L’utilizzo corrente del vocabolo risente delle controversie teologiche sulla Trinità e sulla natura di Gesù Cristo, con le quali si è giunto ad indicare – come accennavo – la persona quale sostanza che possiede una determinata natura, la natura razionale. In questo modo, la persona ha assunto un valore ontologico tanto importante da distinguerlo da ogni altro ente, traducendo così concettualmente un dato di cui tutti siamo consapevoli: si tratta, infatti, di una constatazione che ha importanti conseguenze in ambito morale, in quanto ci porta a valutare i comportamenti e i rapporti in modo del tutto diverso.

Un esempio per comprendere questo punto importante: quando un cane morde un bambino (come molti fatti di cronaca hanno, ahimè, raccontato) e iniziamo ad analizzare la situazione, non facciamo certamente un processo al cane; di certo proviamo dispiacere per la situazione e attueremo quanto necessario per risolvere la questione e rendere quel cane inoffensivo, ma non diamo al cane una colpa nel senso etico e giuridico del termine. Ciò accade per un fatto semplicissimo: la colpa di una determinata azione è legata alla responsabilità e, quindi, alla libertà del soggetto che agisce, qualità che non troviamo in un essere come il cane.

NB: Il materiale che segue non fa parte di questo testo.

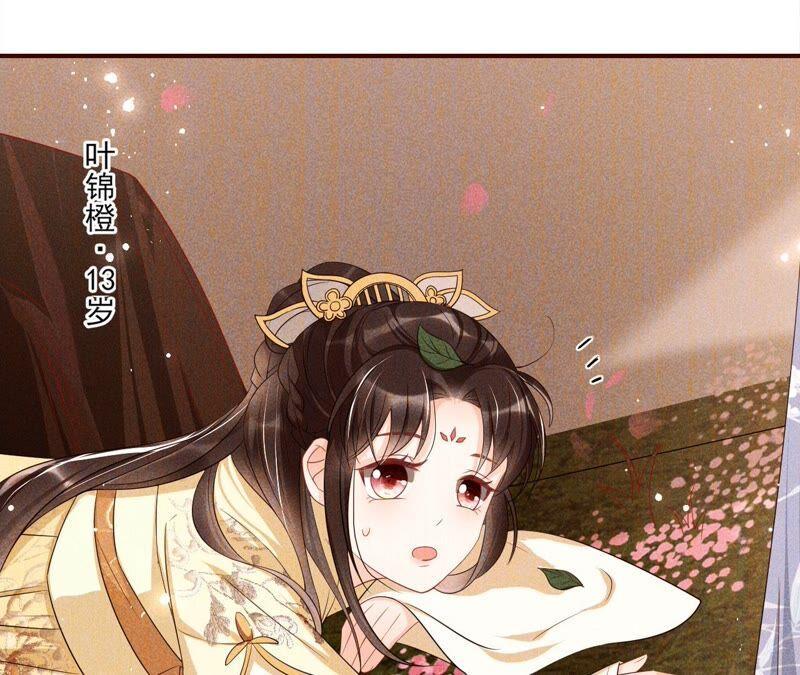公主请自重11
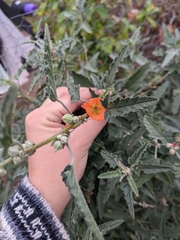Sphaeralcea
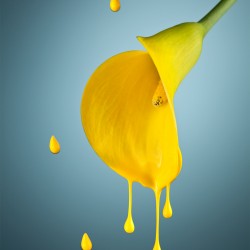 Melting Flower: our recent shot for a tutorial in “Lite It” magazine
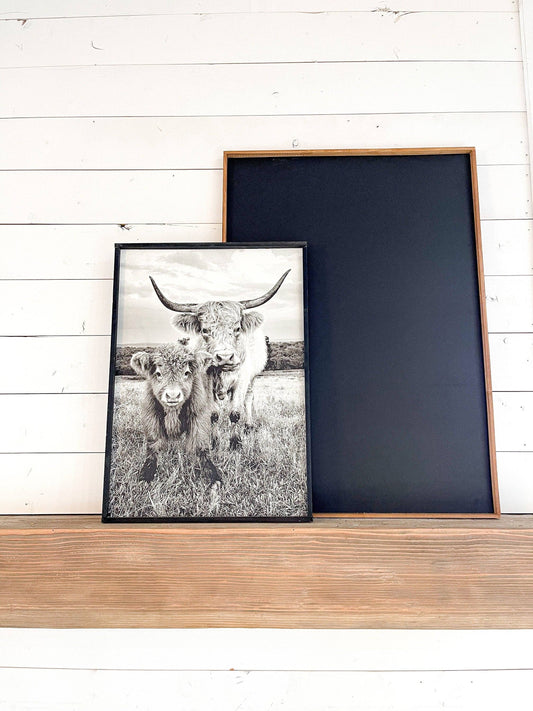 Stella and Calf Highland Cow and baby Fluffy CowPhotos; Framed Wood Photo Signs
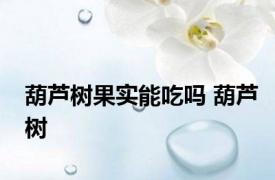 葫芦树果实能吃吗 葫芦树 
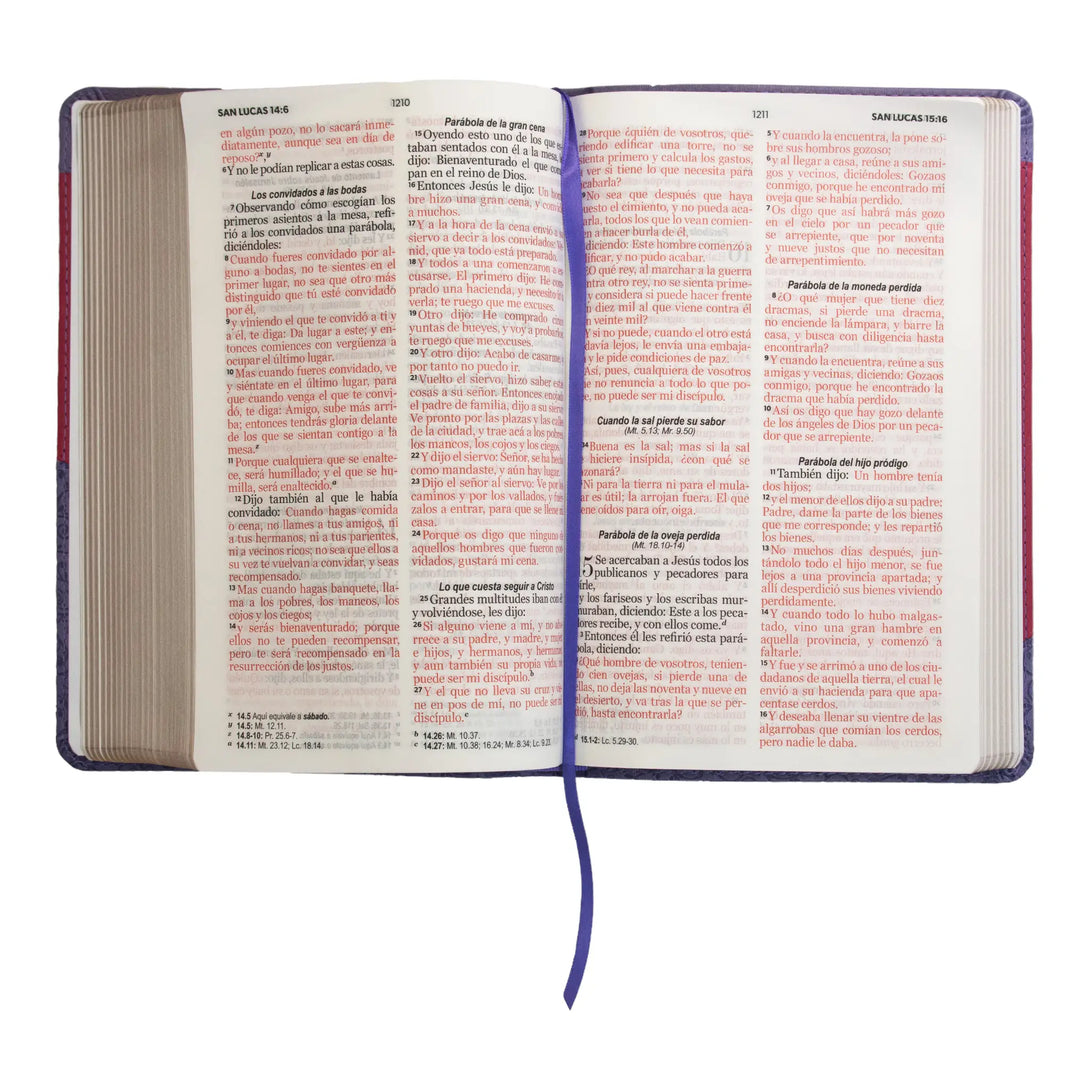 Biblia Reina Valera 1960 tamaño manual letra grande 12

Sono qualità che contraddistinguono l’agire della persona che, nel caso in cui dovesse compiere un atto come quello appena descritto, verrebbe appunto condannato come colpevole. La valutazione di una determinata azione come giusta o sbagliata ha il suo presupposto, quindi, nell’intuizione immediata di uno scarto ontologico tra l’ente-uomo e l’ente-cane.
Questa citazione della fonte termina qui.